How do you proceed, specifically in regards to management of his ICD?

Had this exact case.

We did nothing to the device, given distance of unipolar cautery. Put Bovie return pad on leg. Made sure that chest rolls weren't covering the device itself.

Had magnet handy.

Surgeons Bovieing like crazy after incision and getting down to bone. No antitachycardia events.

During boring part of case, surgeon starts Bovieing again, pacer function starts to sense unipolar cautery and goes into pacemaker-mediated tachycardia! Put magnet on, secured with big Tegaderm, that fixed it, no issues thereafter, called EP to interrogate postop.

Moral of the story: it's not just inappropriate lack of pacing, or inappropriate shock, that you gotta be worried about.
 
Had this exact case.

We did nothing to the device, given distance of unipolar cautery. Put Bovie return pad on leg. Made sure that chest rolls weren't covering the device itself.

Had magnet handy.

Surgeons Bovieing like crazy after incision and getting down to bone. No antitachycardia events.

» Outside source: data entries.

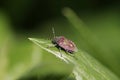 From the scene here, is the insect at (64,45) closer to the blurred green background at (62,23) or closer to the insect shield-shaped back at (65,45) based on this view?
the insect shield-shaped back at (65,45)

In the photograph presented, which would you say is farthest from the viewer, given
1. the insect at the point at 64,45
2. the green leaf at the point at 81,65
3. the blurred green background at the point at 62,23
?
the blurred green background at the point at 62,23

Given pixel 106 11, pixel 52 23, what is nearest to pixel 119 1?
pixel 106 11

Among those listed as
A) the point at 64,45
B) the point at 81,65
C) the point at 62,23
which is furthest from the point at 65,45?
the point at 62,23

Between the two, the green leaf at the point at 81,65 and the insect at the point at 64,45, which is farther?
the insect at the point at 64,45

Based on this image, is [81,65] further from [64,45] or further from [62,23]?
[62,23]

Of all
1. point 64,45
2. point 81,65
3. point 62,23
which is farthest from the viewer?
point 62,23

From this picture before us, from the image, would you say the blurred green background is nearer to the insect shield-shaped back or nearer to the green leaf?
the insect shield-shaped back

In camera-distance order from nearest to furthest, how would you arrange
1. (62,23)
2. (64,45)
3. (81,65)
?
(81,65), (64,45), (62,23)

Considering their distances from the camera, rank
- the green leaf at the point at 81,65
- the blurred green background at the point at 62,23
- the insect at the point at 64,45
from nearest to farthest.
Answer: the green leaf at the point at 81,65
the insect at the point at 64,45
the blurred green background at the point at 62,23

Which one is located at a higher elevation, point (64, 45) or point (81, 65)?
point (64, 45)

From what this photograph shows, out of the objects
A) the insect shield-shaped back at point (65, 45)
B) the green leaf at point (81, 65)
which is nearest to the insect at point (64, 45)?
the insect shield-shaped back at point (65, 45)

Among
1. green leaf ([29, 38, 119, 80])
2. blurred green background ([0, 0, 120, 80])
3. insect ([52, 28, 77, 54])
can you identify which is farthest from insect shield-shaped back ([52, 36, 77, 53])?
blurred green background ([0, 0, 120, 80]) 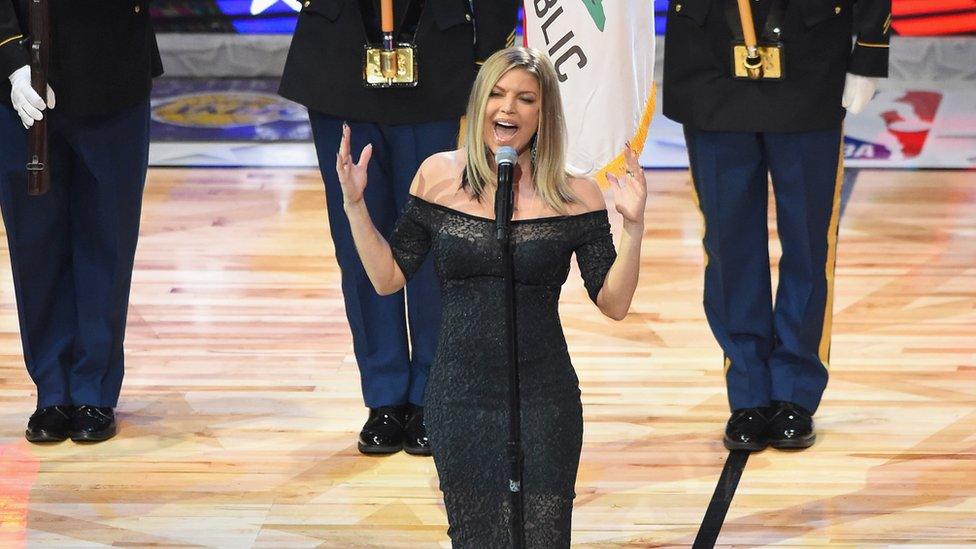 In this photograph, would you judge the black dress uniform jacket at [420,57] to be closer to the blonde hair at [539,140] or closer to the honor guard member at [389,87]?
A: the honor guard member at [389,87]

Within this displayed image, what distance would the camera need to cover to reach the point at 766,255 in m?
4.02

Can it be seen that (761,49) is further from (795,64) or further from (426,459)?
(426,459)

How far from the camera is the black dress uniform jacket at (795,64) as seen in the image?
380 cm

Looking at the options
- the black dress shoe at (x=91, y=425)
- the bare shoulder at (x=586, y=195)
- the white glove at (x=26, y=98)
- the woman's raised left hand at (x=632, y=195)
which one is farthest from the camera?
the black dress shoe at (x=91, y=425)

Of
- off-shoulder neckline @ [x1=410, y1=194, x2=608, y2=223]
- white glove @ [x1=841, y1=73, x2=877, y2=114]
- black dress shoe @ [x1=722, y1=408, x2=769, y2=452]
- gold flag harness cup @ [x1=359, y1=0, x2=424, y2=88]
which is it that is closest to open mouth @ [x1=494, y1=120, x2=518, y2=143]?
off-shoulder neckline @ [x1=410, y1=194, x2=608, y2=223]

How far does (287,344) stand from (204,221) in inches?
70.4

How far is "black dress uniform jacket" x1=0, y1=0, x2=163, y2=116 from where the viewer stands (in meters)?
3.76

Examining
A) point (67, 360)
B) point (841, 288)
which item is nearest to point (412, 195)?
point (67, 360)

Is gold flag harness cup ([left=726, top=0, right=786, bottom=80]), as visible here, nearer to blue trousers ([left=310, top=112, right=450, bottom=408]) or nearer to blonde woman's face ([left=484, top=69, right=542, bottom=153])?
blue trousers ([left=310, top=112, right=450, bottom=408])

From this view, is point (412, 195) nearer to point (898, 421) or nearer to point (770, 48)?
point (770, 48)

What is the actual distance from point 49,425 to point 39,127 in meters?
0.82

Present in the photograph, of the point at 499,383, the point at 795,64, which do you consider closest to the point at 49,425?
the point at 499,383

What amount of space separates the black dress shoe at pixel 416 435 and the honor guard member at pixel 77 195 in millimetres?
817

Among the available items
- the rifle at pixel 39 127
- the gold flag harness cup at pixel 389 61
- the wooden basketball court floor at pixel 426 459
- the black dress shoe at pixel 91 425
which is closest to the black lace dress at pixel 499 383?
the wooden basketball court floor at pixel 426 459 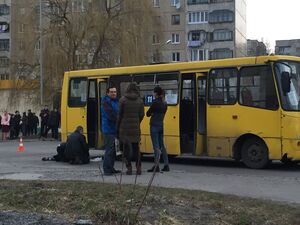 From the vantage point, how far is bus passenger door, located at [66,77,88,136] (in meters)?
18.0

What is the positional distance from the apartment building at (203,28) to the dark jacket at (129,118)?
237 feet

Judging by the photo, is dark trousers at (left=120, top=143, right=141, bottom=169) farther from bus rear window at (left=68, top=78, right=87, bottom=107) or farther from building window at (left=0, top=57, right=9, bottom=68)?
building window at (left=0, top=57, right=9, bottom=68)

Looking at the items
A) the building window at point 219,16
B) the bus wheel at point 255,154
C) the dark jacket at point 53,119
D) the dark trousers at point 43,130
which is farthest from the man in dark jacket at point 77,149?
the building window at point 219,16

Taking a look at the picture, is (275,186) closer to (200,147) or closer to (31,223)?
(200,147)

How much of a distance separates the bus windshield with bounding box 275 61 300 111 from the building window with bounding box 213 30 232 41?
72884mm

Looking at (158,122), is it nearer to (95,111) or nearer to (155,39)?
(95,111)

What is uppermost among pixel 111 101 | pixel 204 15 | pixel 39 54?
pixel 204 15

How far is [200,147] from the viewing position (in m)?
15.2

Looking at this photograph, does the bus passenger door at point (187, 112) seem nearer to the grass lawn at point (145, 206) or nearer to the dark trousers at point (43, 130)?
the grass lawn at point (145, 206)

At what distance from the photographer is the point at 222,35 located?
86750mm

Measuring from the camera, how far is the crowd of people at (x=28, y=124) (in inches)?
1253

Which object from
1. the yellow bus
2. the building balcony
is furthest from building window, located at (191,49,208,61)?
the yellow bus

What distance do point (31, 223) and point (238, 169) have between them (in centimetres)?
833

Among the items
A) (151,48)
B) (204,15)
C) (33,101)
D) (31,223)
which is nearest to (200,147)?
(31,223) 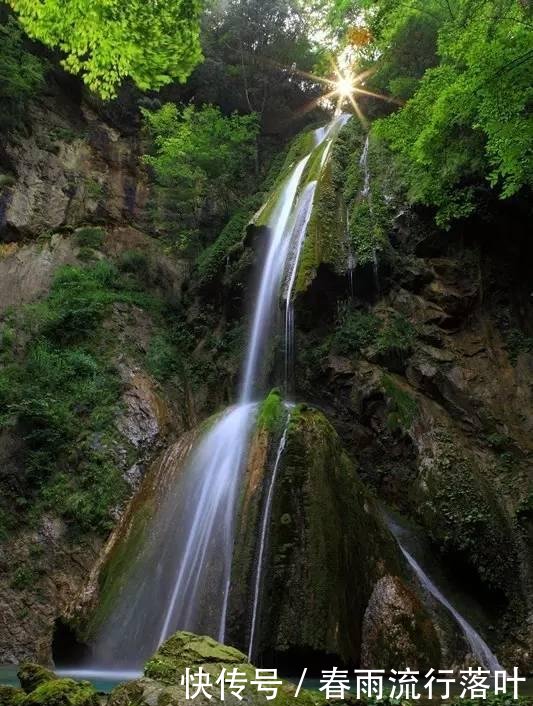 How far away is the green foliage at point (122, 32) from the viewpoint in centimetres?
552

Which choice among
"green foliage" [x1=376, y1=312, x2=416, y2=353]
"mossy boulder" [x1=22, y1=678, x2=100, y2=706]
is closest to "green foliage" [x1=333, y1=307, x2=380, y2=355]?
"green foliage" [x1=376, y1=312, x2=416, y2=353]

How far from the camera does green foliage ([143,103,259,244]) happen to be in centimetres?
1605

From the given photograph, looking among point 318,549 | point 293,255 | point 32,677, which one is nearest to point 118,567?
point 318,549

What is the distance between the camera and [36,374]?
458 inches

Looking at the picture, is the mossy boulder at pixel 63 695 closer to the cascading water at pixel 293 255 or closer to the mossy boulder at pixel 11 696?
the mossy boulder at pixel 11 696

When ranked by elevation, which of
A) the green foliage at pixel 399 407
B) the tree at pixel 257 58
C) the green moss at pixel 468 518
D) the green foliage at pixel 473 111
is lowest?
the green moss at pixel 468 518

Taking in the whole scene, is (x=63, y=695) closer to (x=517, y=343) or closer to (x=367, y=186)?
(x=517, y=343)

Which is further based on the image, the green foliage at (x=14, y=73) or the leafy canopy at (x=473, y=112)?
the green foliage at (x=14, y=73)

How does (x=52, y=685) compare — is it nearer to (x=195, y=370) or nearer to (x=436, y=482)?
(x=436, y=482)

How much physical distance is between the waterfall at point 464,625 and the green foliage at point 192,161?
11.9m

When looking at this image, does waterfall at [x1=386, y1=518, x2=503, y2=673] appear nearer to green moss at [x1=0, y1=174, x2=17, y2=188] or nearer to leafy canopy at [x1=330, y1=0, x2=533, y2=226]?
leafy canopy at [x1=330, y1=0, x2=533, y2=226]

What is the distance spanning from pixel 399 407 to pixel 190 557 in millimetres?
4247

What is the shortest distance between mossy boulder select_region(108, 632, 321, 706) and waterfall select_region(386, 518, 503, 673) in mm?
4035

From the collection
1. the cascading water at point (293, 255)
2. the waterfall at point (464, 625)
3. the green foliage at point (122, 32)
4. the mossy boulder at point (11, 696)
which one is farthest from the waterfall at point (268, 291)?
the mossy boulder at point (11, 696) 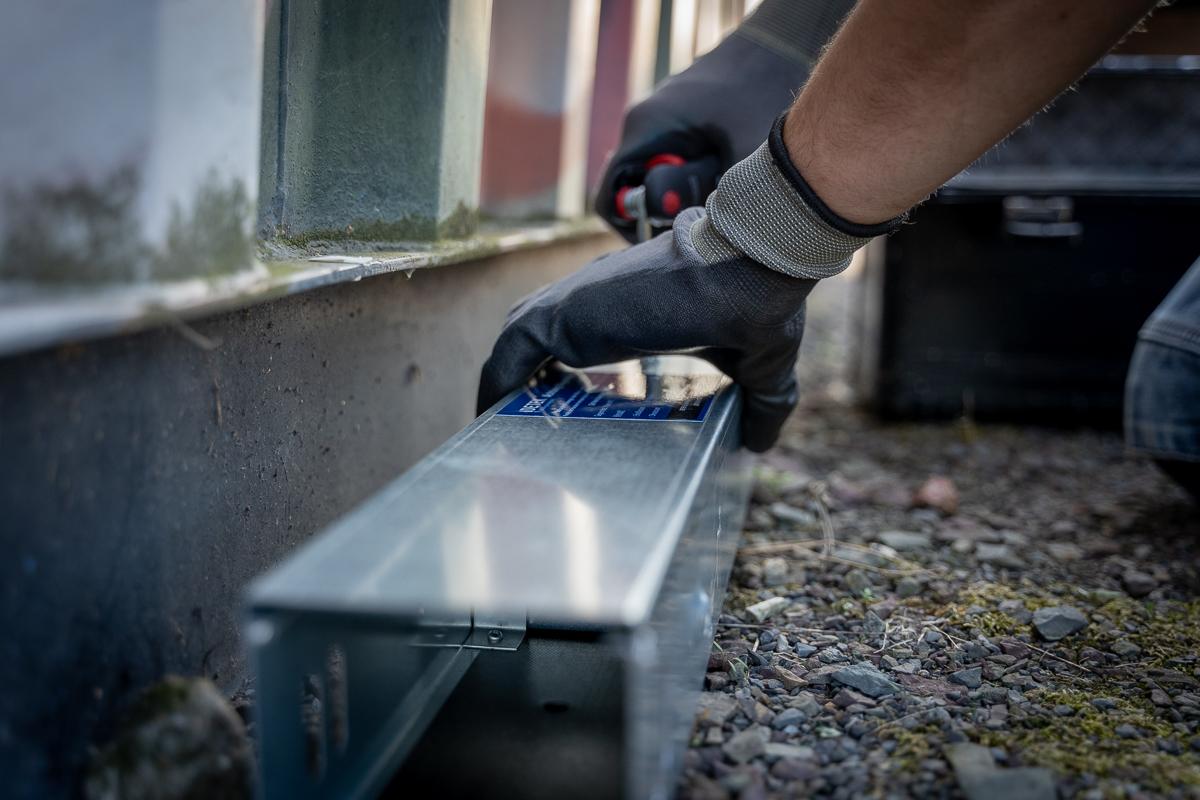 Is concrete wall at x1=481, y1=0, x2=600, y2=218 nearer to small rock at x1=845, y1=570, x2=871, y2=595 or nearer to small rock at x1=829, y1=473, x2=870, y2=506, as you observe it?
small rock at x1=829, y1=473, x2=870, y2=506

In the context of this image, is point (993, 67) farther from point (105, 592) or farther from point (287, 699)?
point (105, 592)

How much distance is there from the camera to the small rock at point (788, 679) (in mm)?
1168

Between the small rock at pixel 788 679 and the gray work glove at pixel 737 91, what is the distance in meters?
0.80

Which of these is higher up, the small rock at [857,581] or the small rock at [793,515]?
the small rock at [857,581]

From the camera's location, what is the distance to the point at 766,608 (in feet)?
4.56

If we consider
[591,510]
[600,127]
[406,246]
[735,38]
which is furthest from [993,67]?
[600,127]

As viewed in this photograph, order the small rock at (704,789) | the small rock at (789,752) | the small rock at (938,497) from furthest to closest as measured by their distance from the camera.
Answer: the small rock at (938,497), the small rock at (789,752), the small rock at (704,789)

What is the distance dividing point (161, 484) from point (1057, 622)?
1187 mm

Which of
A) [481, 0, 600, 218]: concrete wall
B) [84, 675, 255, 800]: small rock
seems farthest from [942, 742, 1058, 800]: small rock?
[481, 0, 600, 218]: concrete wall

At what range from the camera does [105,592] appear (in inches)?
34.3

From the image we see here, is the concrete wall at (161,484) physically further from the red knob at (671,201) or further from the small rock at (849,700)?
the small rock at (849,700)

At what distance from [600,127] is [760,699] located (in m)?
2.40

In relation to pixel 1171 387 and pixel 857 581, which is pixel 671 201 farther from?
pixel 1171 387

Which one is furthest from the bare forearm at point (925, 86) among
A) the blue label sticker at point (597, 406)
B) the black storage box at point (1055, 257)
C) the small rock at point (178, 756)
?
the black storage box at point (1055, 257) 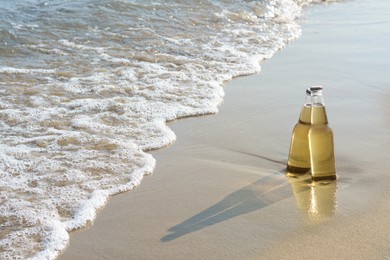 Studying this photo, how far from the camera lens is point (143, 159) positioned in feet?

During boring part of case, surgeon starts Bovieing again, pacer function starts to sense unipolar cautery and goes into pacemaker-mediated tachycardia! Put magnet on, secured with big Tegaderm, that fixed it, no issues thereafter, called EP to interrogate postop.

Moral of the story: it's not just inappropriate lack of pacing, or inappropriate shock, that you gotta be worried about.


This seems like a good example of the need to convert to asynchronous mode pre op.
 
All ICD's have pacemakers built in right?

No.

I don't know exact reasons/indications.

Had dude in CTICU couple weeks ago. 50-something male, non-ischemic dilated cardiomyopathy, EF 20%, ICD for primary prevention, severe MR, TR. Had MV repair, TV repair, CABG x1. Developed complete heart block post-op. EP had to put in pacer leads as he only had ICD function. Actually upgraded to CRT-D, which surprisingly didn't help his recovery at all, neither did his anuric AKI requiring CVVH or his prolonged inotropic dependence.
 
No.

I don't know exact reasons/indications.

Had dude in CTICU couple weeks ago. 50-something male, non-ischemic dilated cardiomyopathy, EF 20%, ICD for primary prevention, severe MR, TR. Had MV repair, TV repair, CABG x1. Developed complete heart block post-op. EP had to put in pacer leads as he only had ICD function. Actually upgraded to CRT-D, which surprisingly didn't help his recovery at all, neither did his anuric AKI requiring CVVH or his prolonged inotropic dependence.

That is unusual, maybe on older device? My understanding is that all modern icds have pacing capability.
 
That is unusual, maybe on older device? My understanding is that all modern icds have pacing capability.

I initially thought the same thing. I should have talked with the EP guy some more. Pt was several days post-op when I came on service and EP was already seeing him so I didn't get in on the initial conversation. He may have had a single V-lead with pacing capability but they thought that he would do better with dual chamber/CRT-D pacing? Don't know.